The fragmented yellow, red and blue space of the lines turns into a steady and lasting space with the unitary plane. It would, however, be a mistake to see this as calm in the sense of a total absence of inner tension.

It is necessary to see the respective measures and positions of yellow, red, and blue give birth to a free interplay of reciprocal tensions. Any slight horizontal expansion of the yellow would produce an imbalance and set the mechanism of oppositions back in motion, as would even the slightest vertical increase in the blue.

The unitary plane should rather be seen as a temporary synthesis which could reopen to the manifold space around as we shall see in diagram F:

Broadway Boogie Woogie, Diagram F

Plane 2 is the same size as plane 1 but consists solely of red and gray rather than the three primary colors.

Moreover the horizontal line running suddenly through the vertical plane tends visually to disrupt the previously attained balanced interpenetration of horizontal and vertical achieved with plane 1.

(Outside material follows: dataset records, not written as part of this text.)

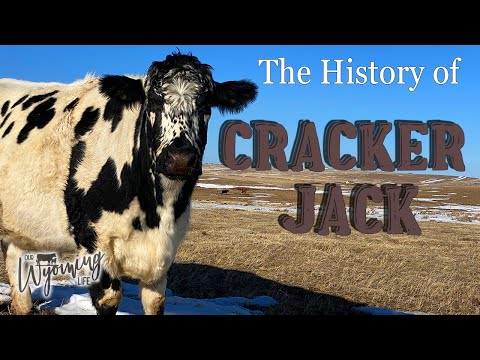 Video: ¿Quién es cracker jack?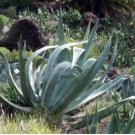 Agave Seemanniana Agave Garden Plants 10 PCS Seeds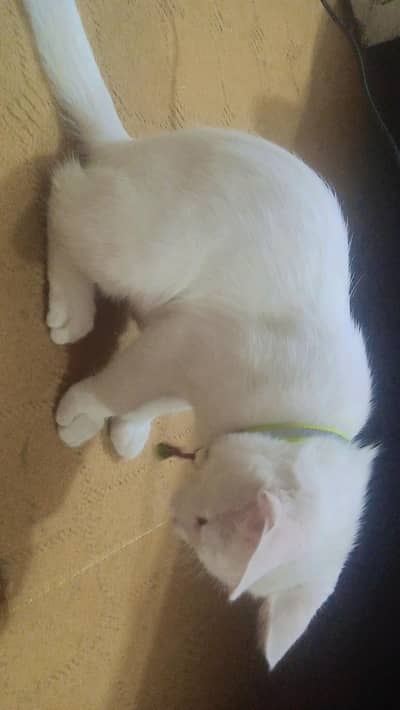 cats persion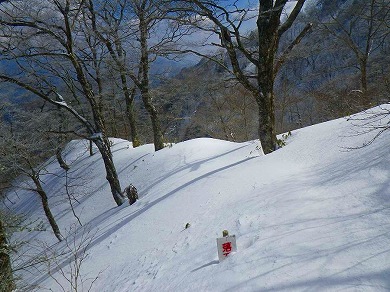 http://entotsuyama.hobby-web.net/toryo-22.jpg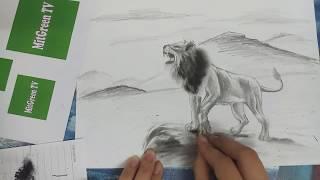 How to Draw a Lion | Pencil Art | MitGreen TV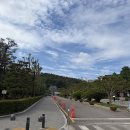 안락초등학교 | 명장5구역 재개발 직접 가봤습니다 — 초등학교 품은 재개발 구역, 지금은 어떤 상태일까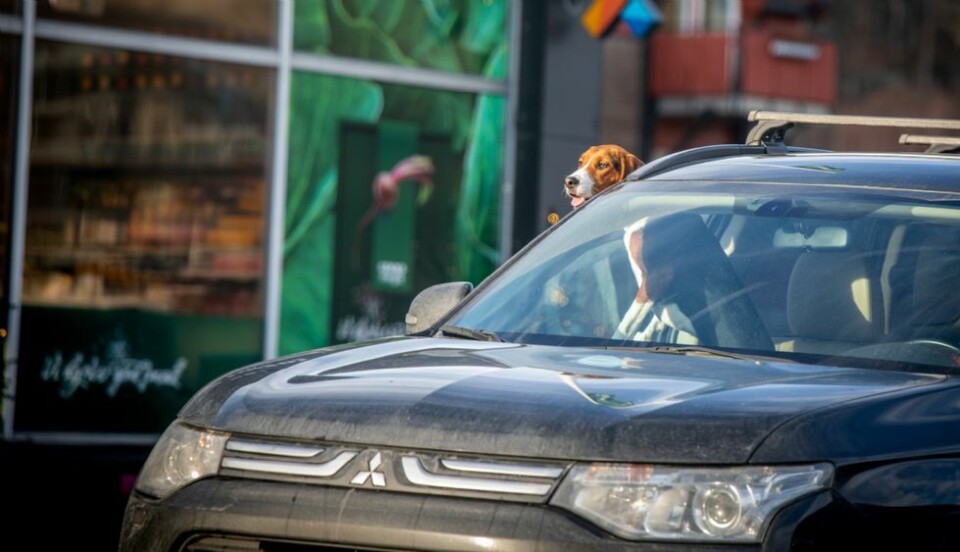 Kjøligere mot helgen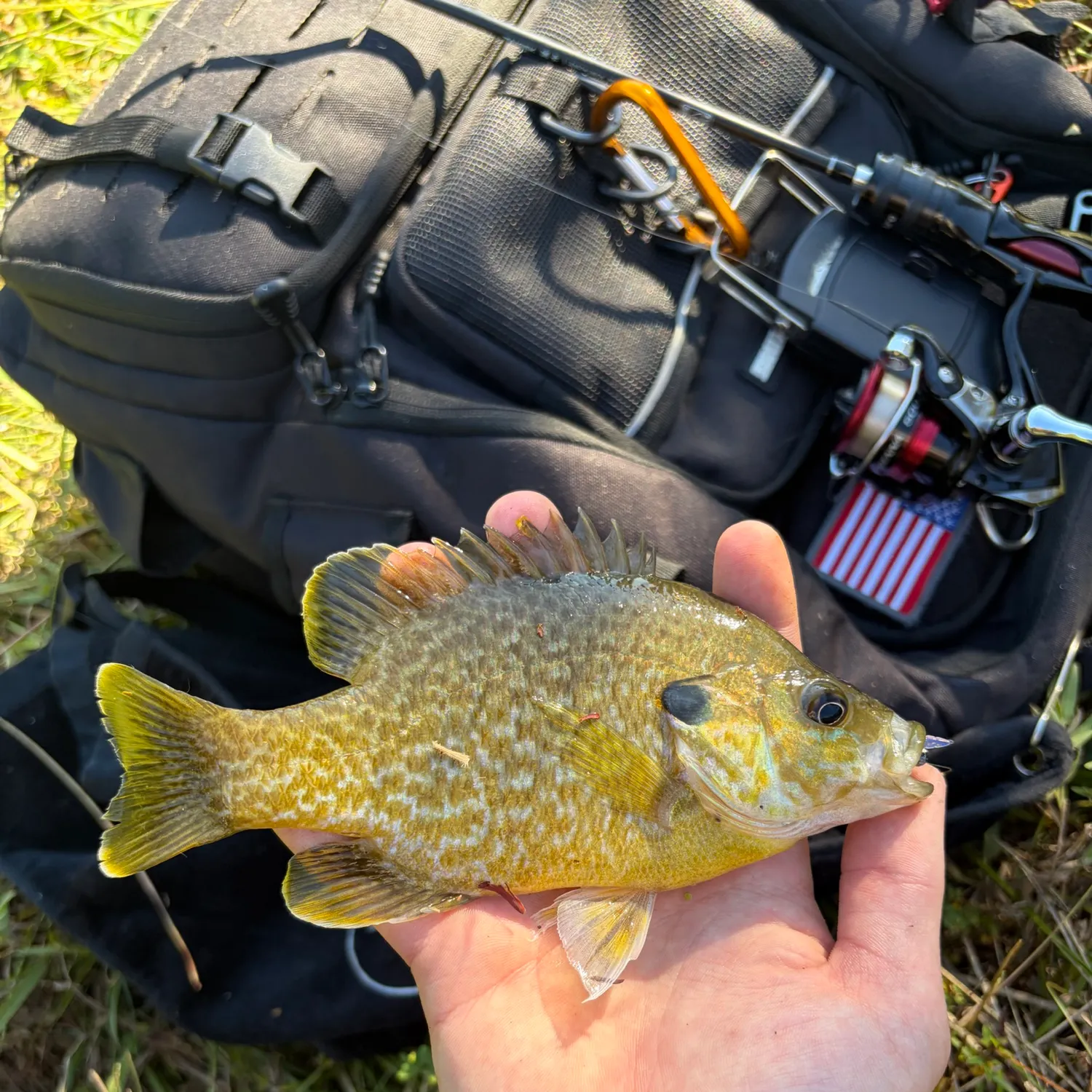 Greengill hybrid caught on Fishbrain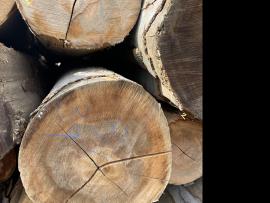 Bukva Trupci za furnir |  Tvrdo drvo | Trupci | SF WOOD, s. r. o.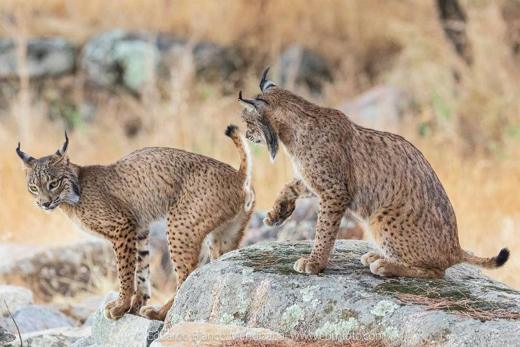 Lince ibérico en Gato Clavo: pareja de linces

After the equivalence of the opposite directions and the synthesis of three primary colors attained in plane 1, the colors are again reduced in plane 2 and the external dynamism of the lines reappears to generate new opposition. After the degree of comparative calm, constancy and unity achieved in plane 1, spatial movement thus seems to reappear in plane 2. Unity opens up to external space and the colors are separated and flow back toward the more dynamic and variable space of the lines (3 and 4). 

The indication provided by plane 2 finds further confirmation in plane 3, where blue, yellow, and red are juxtaposed but no longer interpenetrate as they did in plane 1. The juxtaposition produces the impression of three separate planes, whereas the interpenetration combines the three colors in a single structure of greater stability. Note how the yellow on the right of plane 3 already seeks to cross the perimeter of the plane and flow into the yellow of the surrounding lines. Plane 3 can therefore be seen as plane 1 in the process of dissolution. 

Broadway Boogie Woogie, 1942-43, Diagram
Broadway Boogie Woogie Diagram F

Configuration 4 possibly represents the conclusion of the process of reopening the unitary synthesis in that it can be seen as a continuation of the disintegration of plane 3.

Space proceeds from a comparatively static and wholly internal condition (1) toward one of growing instability (2) that is gradually transformed into the more dynamic and variable external space of the lines (3 and 4).

From expansion toward increasing concentration (yellow, red and blue fragments dispersed along the opposite lines gradually transform into a synthesis) and then from concentration back to expansion: this is the way Broadway Boogie Woogie breathes. Through a dynamic process the one and the many merge and transform into each other.